The attack begins when a threat actor creates or gains control of a Microsoft 365 Group.

Victims are then added to groups with names that appear legitimate, such as:

  • IT Support
  • HR Updates
  • Finance Review
  • All Company

Once added, users receive a welcome message that looks identical to a genuine Microsoft 365 group invitation.

Because the notification comes from Microsoft’s infrastructure and resembles normal collaboration activity, many users are less likely to question its legitimacy.

The attackers then use the group to distribute phishing content through:

  • Group mailboxes
  • Shared documents
  • Group conversations
  • Calendar invitations

Each interaction appears to be part of a legitimate business process.

The Rise of CalPhishing

One of the more concerning aspects of this campaign is the use of Calendar Phishing, often referred to as CalPhishing.

After joining the attacker-controlled group, victims may receive Outlook calendar invitations containing phishing content.

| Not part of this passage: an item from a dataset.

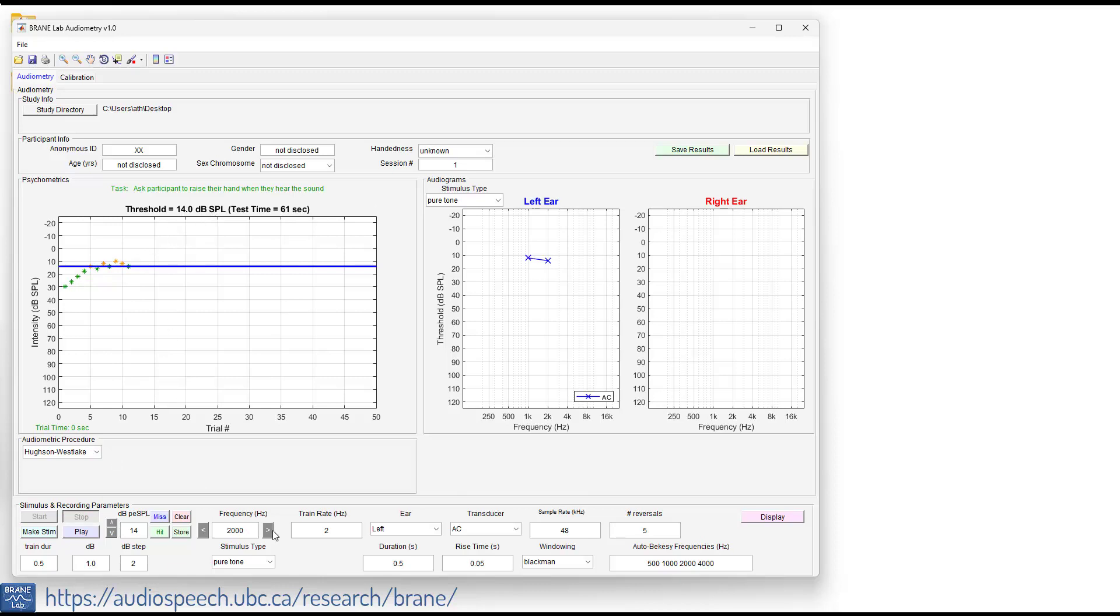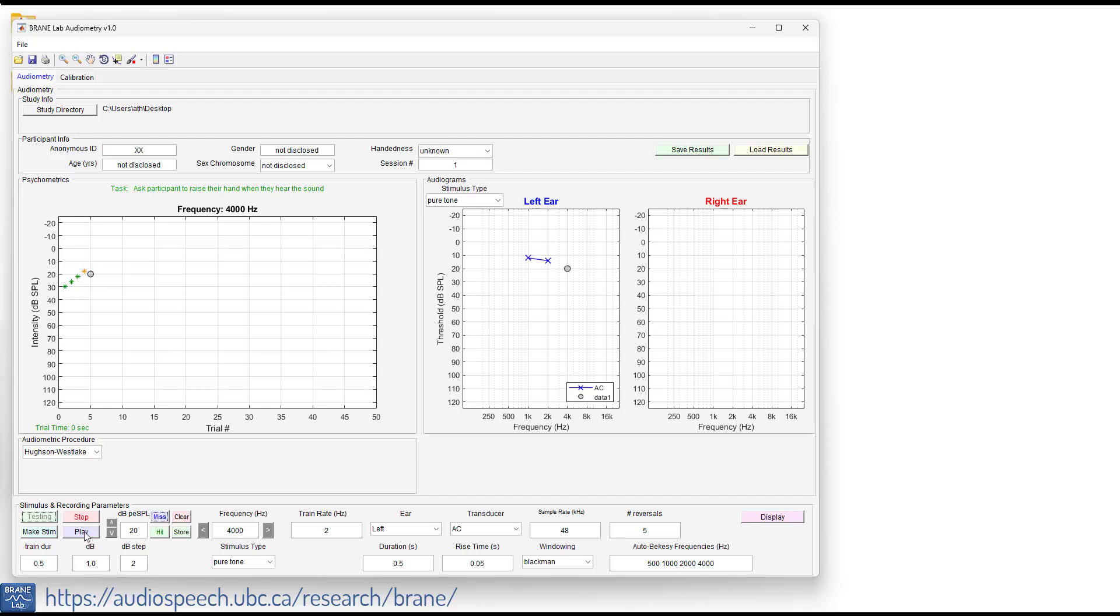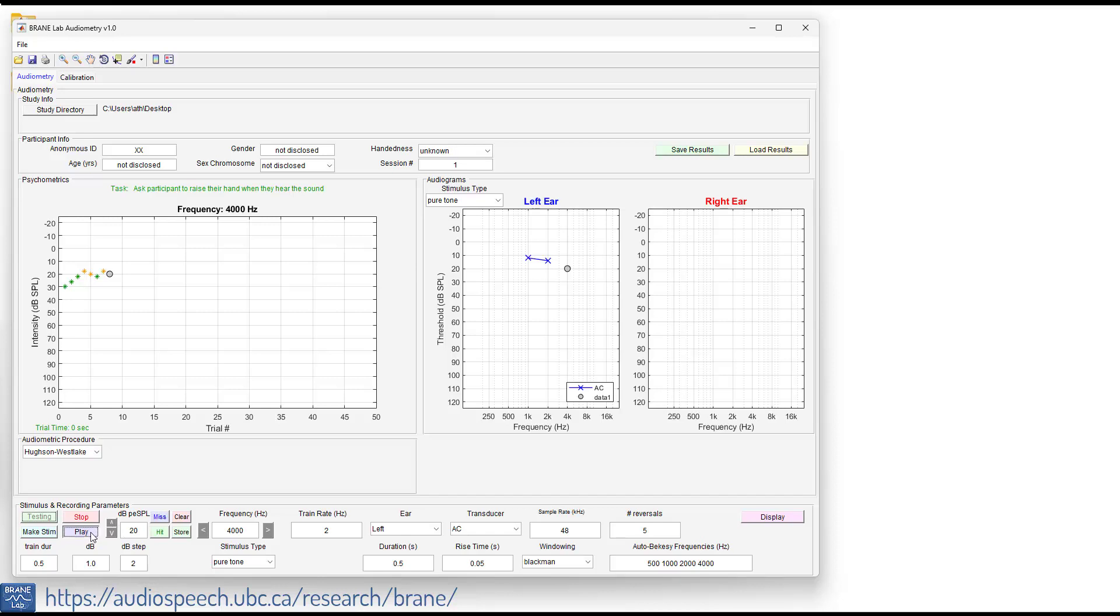So let's go on and we'll do the 4000 Hz. Make stimuli. I'm going to start at a level of 30 again. Press play. Yep. No, I did not hear that one. So I heard it to ascending, store and then stop.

These calendar events can be disguised as:

  • HR deadlines
  • Project meetings
  • Invoice reviews
  • Mandatory training sessions
  • Administrative notifications

Unlike a traditional phishing email that may be deleted or ignored, calendar invitations continue generating reminders until the event is addressed or removed.

This repeated exposure increases the likelihood that a user will eventually interact with the malicious content.

Why This Attack Is Effective

The strength of this technique lies in trust.

Employees are trained to be suspicious of unknown senders, suspicious links, and poorly written emails. However, they are far less likely to question notifications that originate from familiar collaboration tools.

Because the attack operates through legitimate Microsoft 365 services, traditional email filtering solutions may not immediately identify the activity as malicious.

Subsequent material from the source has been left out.